Getting the call stack without a frame pointer

October 9th, 2009

Everything I know about getting the current call stack of C or C++ programs, including ones compiled with -fomit-frame-pointer or an equivalent, with or without a debugger. Hardly entertaining except for those specifically wishing to lay their hands on call stacks.

We'll start with trivia people sharing my unhealthy interest in call stacks probably know. There are two contexts where you might want to get a call stack:

Look at the call stack in a debugger to see what the program is doing.
Get a representation of the call stack inside the program itself. For example, a memory profiler might want to attach the call stack identifying the context where the allocation is made to each memory block to see who allocates the most.

Sometimes (2) can be implemented using (1) by running a debugger programmatically and asking it for the current call stack, and sometimes it can't (too much communication overhead, or no debugger available – for example, a program stripped of debugging information and running on a standalone embedded board).

The straightforward way of getting the current call stack, used both by debuggers and by programs curious about their own stacks, relies on the frame pointer. The idea is that a machine register is reserved for keeping a pointer into the stack, called the frame pointer, and every function is compiled to do the following in its prologue:

Push the return address to the stack
Push the frame pointer to the stack
Save the address of the resulting two-pointer structure to the frame pointer register

This creates a linked list on the stack, with every node keeping a return address – this list is the call stack (and this is why debuggers show the points of return from function calls and not the points of call, a bit annoyingly for function calls spanning many source code lines – in fact we get the return stack and not the call stack). Here's how you get this list from within a program:

struct stack_frame {
  struct stack_frame* next;
  void* ret;
};
int get_call_stack(void** retaddrs, int max_size) {
  /* x86/gcc-specific: this tells gcc that the fp
     variable should be an alias to the %ebp register
     which keeps the frame pointer */
  register struct stack_frame* fp asm("ebp");
  /* the rest just walks through the linked list */
  struct stack_frame* frame = fp;
  int i = 0;
  while(frame) {
    if(i < max_size) {
      retaddrs[i++] = frame->ret;
    }
    frame = frame->next;
  }
  return i;
}

The code for getting the list head pointer depends on the platform, the list structure itself is common to many machines and compilers. The return addresses may be converted to function names and source line numbers with addr2line -f or similar. When the program can't access its own debug info during its execution as in the case of embedded devices, the translation from addresses to names will be a separate offline step.

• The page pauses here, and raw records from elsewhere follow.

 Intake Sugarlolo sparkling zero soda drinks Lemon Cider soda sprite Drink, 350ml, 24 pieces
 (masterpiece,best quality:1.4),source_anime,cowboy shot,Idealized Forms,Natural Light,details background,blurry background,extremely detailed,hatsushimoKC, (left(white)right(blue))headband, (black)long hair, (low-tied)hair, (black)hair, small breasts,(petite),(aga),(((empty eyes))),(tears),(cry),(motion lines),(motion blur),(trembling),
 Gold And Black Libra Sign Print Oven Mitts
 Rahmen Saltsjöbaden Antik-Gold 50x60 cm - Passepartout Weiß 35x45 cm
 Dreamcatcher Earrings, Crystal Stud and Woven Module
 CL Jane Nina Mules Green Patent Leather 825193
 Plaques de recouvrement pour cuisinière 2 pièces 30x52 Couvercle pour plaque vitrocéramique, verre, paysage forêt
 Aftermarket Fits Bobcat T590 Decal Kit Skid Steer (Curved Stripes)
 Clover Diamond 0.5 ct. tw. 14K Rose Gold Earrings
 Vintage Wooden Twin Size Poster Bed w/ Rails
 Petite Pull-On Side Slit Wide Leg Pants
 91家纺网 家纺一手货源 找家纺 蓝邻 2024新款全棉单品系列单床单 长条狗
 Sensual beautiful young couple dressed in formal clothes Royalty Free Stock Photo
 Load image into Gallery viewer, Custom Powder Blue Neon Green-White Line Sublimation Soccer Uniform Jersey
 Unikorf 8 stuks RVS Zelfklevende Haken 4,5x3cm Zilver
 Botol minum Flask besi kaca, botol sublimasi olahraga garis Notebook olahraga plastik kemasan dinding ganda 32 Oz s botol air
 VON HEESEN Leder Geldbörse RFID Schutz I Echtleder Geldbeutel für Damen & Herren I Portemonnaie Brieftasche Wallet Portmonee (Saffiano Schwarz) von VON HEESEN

The whole frame pointer business is fairly widely documented, with a bunch of source code available centered around getting the call stack that way. I think the GNU backtrace function and the Windows StackWalk64 function, which these days are probably a better alternative than code snippets like the one above, also use this linked list when available.

Now, what happens if the compiler is told to avoid generating the code maintaining the frame pointer (-fomit-frame-pointer for gcc, /Oy for MSVC), or not told to override its default behavior of not generating such code (-ga for Green Hills C++)?

Admittedly it doesn't appear to be such a good idea to make debugging that much harder in order to save a few instructions. However, there are reasons to do so. For example, one common consequence of Software Design is lots of functions doing little or nothing except for delegating their work to another function. Without frame pointer maintenance, such a call is just a jump instruction – your callee function will return directly to the address saved by your caller. With frame pointers, you need a whole prologue and epilogue here. Anyway, we won't discuss the benefits of frame pointer omission since measuring the overhead for your particular code will be more reliable than such a discussion anyway.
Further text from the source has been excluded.